Problem to work on:
Would you print, word for word, only the lines running from the line with "DIY Solutions® - Window Crank Handle" to the last line of the entries, without the pictures?

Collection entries
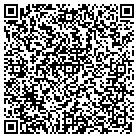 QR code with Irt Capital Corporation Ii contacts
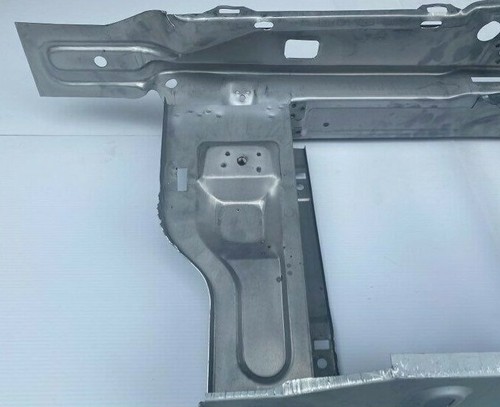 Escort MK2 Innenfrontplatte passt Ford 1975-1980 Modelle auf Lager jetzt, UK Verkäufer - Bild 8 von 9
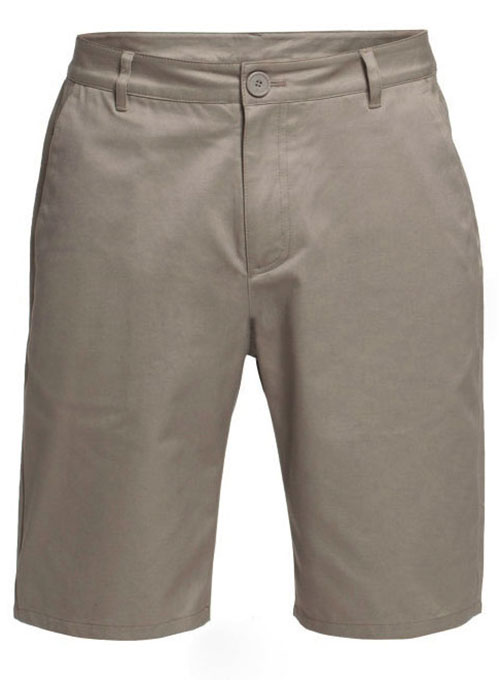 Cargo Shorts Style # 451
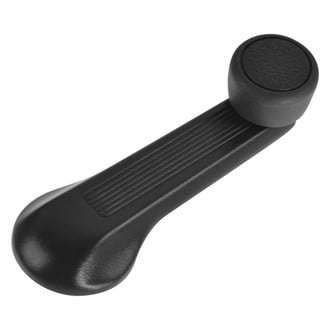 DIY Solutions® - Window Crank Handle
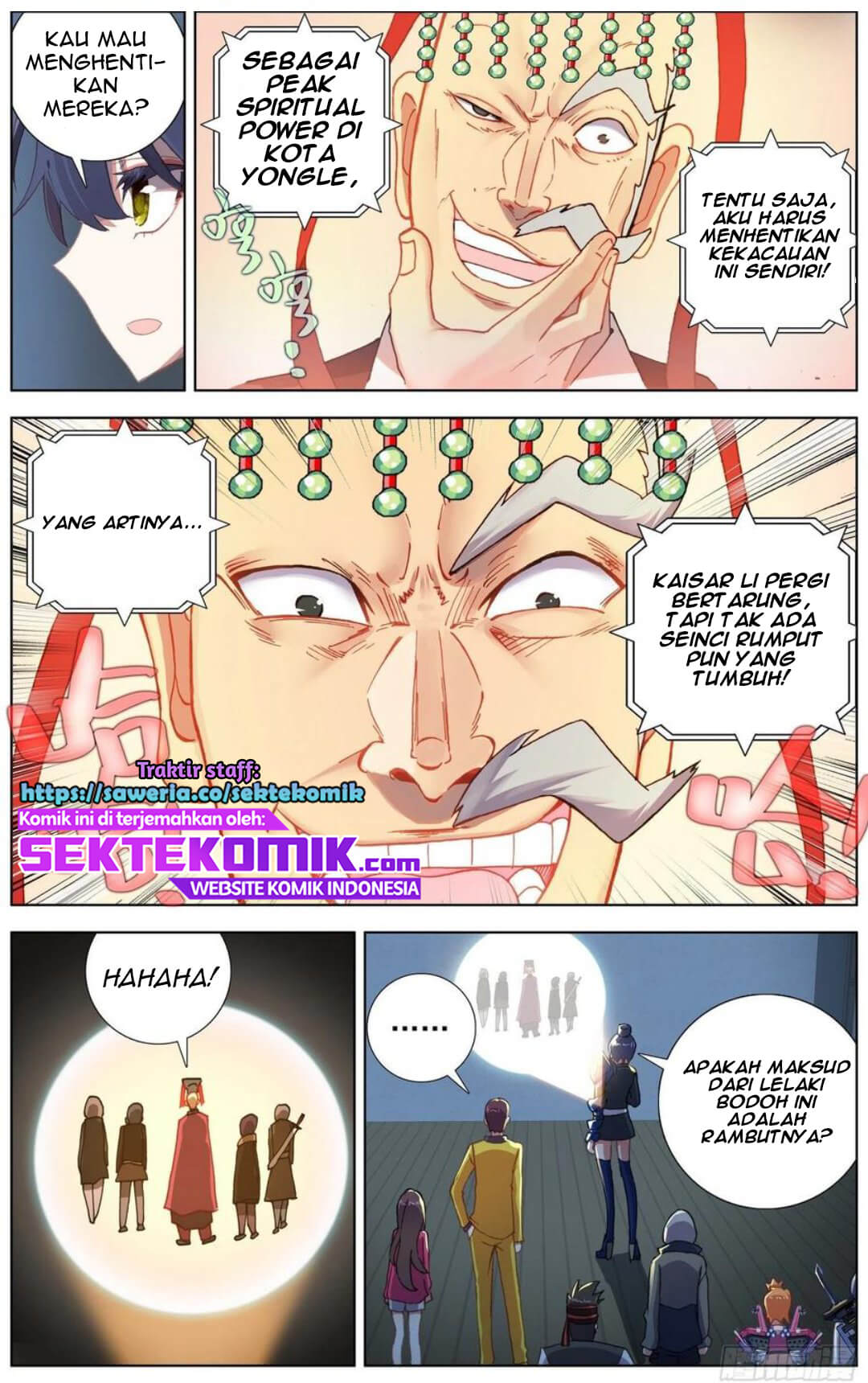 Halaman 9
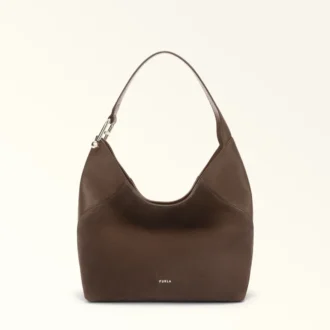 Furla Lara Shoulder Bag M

Response:
 DIY Solutions® - Window Crank Handle
 Halaman 9
 Furla Lara Shoulder Bag M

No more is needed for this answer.